Thursday, February 22, 2007

opposites detract

a guy i know just broke up with a girl i'm so relieved i no longer have to get to know. unfortunately this is the third or fourth time, so i expect to hear that they will have reconciled and i must therefore look forward to listening to her go on about shopping, the guy she used to live with and be engaged to and all manner of inconsequential, superficial detritus. how does this happen? cool people becoming tethered to...not cool people. under every other circumstance their judgement is spot on. so why do they insist on picking these girls who expect to have everything including their make-up paid for? oh yeah, big boobs + all over tan= arm candy.

i was at work listening to this girl talk about how her boyfriend just came back into town after being away and she had a go at him because he said they should go check out a movie they had just seen a trailer for (at the end of the trailer the lead female was in her underwear). so she threw the "you've been gone all this time and now you see me and all you want to do is go see some movie because you get to see the actress in her underwear" line. she then went on to say she hadn't eaten all day because the cafeteria didn't have any good vegetarian options (she must not have seen the salad bar right there by the soda fountain), and of course you cant run out to trader joe's or bruegger's during your lunch break to get something, so let's starve all day (one more digression/rant; it's just that these girls who are vegetarian are so frigging high maintenance and whiney- except meelynduh). so when she got home she was "ravenously" eating her bean burrito and he was making loud chewing noises. she got upset and said that girls have "turned anorexic for less" than what he was doing, so had to go and finish her burrito in the kitchen (probably via the bathroom). i guarantee you that she is one of the people that his friends are hoping he will see the light and terminate with. conversely there have been friends i have wanted to spend more time with because their significant other is actually cooler than them.

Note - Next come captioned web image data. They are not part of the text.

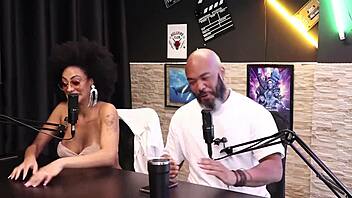 safada mostra os peitos depois de falar sobre gang bang e dp, tifany rocha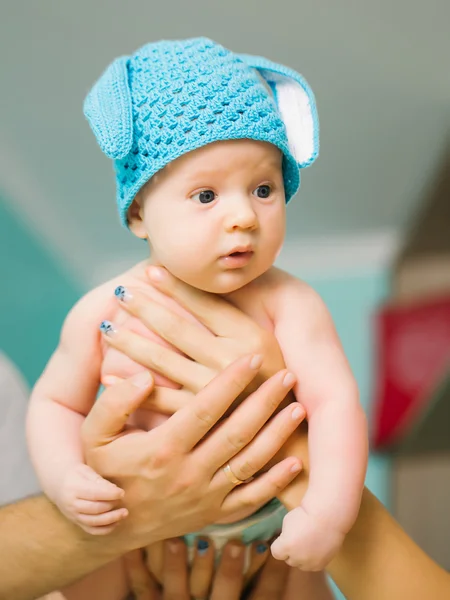 Small boy in parents hands — Stock Photo, Image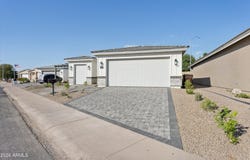 2301 N Shannon Way, Mesa, AZ 85215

in this "new age" of urban tribes where our friends have become an extension of our families it has become more important that our beloveds meet with their approval because parents are old, out of touch and what do they know we never agree on the same things anyway, so why change a habit of a lifetime now. of course your bio family will usually have less impulse control to keep quiet about what they really think. i have had the boyfriend who some of my friends preferred not to spend a whole lot of time with (new york, caustic, "i'll say whatever i'm thinking" and inevitably offend/piss off the more sensitive/PC members of the group), and the one that everyone liked to spend time with for his witty repartee amongst other things. we've all been there; we cant choose who our friends flip out for and then register at target for every michael graves product known to man, no more than we can choose our sib-in-laws or parents. they never seem to quite pick who we thought they would "end up with" for eternal bliss, but by the same token my "happily ever afters" have surprised me too.